I’m not talking about the religious extremism that attempts to inflict terror upon the world, although it could be argued that it plays a role. But the specific problem in America that concerns me is the political extremism to which we have blindly drifted as a society as gently nudged by social media.
The American governance system is rooted in balance, collaboration, and, when necessary, compromise. It was created to strike a balance between the state and the people, the haves and the have-nots, and the urban and the rural.
That balance has been dismantled by the capitalistic powers behind social media. It wasn’t necessarily their intent, but it is clearly a byproduct of the way social media sites are engineered.

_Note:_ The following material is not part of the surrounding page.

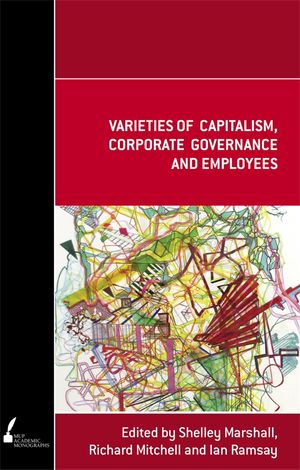 Cover Art for 9780522855487, Varieties of Capitalism, Corporate Governance and Employees by 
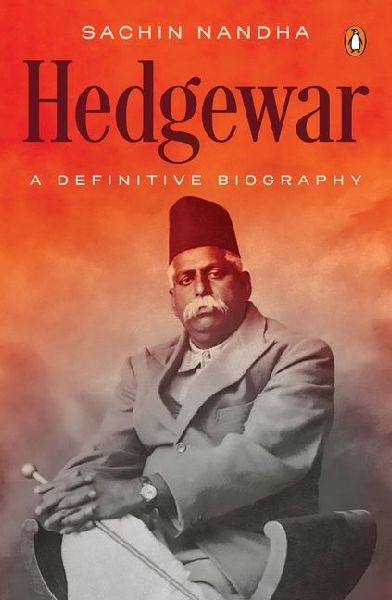 Hedgewar (Founder of Rashtriya Swayamsevak Sangh): A Definitive Biography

The corporate giants in social media do not have a political agenda, regardless of what your neighbor, your uncle, or any other conspiracy theorist in your circle says. Their agenda is strictly capitalistic, and the way they achieve that agenda is by weaving polarizing political information into your feed between the dinner pics and cat videos. That keeps you glued to their site for more hours of the day, to which they sell to their advertisers.
There is ample research and evidence confirming this is exactly what happens. It’s even fairly well-publicized by this point, and yet the public still flocks to these online watering holes with an increasing frequency, thereby becoming more polarized toward their particular side. It doesn’t take long before they have been pushed to the extreme.
These people stand out online. Their whole online presence becomes about joining the fight for their side, causing the cycle to continue and only get worse. They deliberately enter echo chambers, finding solace in others who share their ideals and have fallen victim to the same fate while simultaneously “unfriending” anyone with whom they disagree. And when they do encounter those conflicting opinions, they engage in online battle in a way few would do in person.
The results can be seen throughout the landscape of today’s political system. No longer are centrist candidates heralded for their ability to build consensus. Today candidates are rewarded for adopting an “us against them” approach, and the result is that progress is either nonexistent, or pushed through without a viable plan when one side has its short-lived majority.
I don’t have a solution for America’s extremism problem, but for me personally, I have a two-step approach to avoiding the trap. Disconnect, and keep an open mind.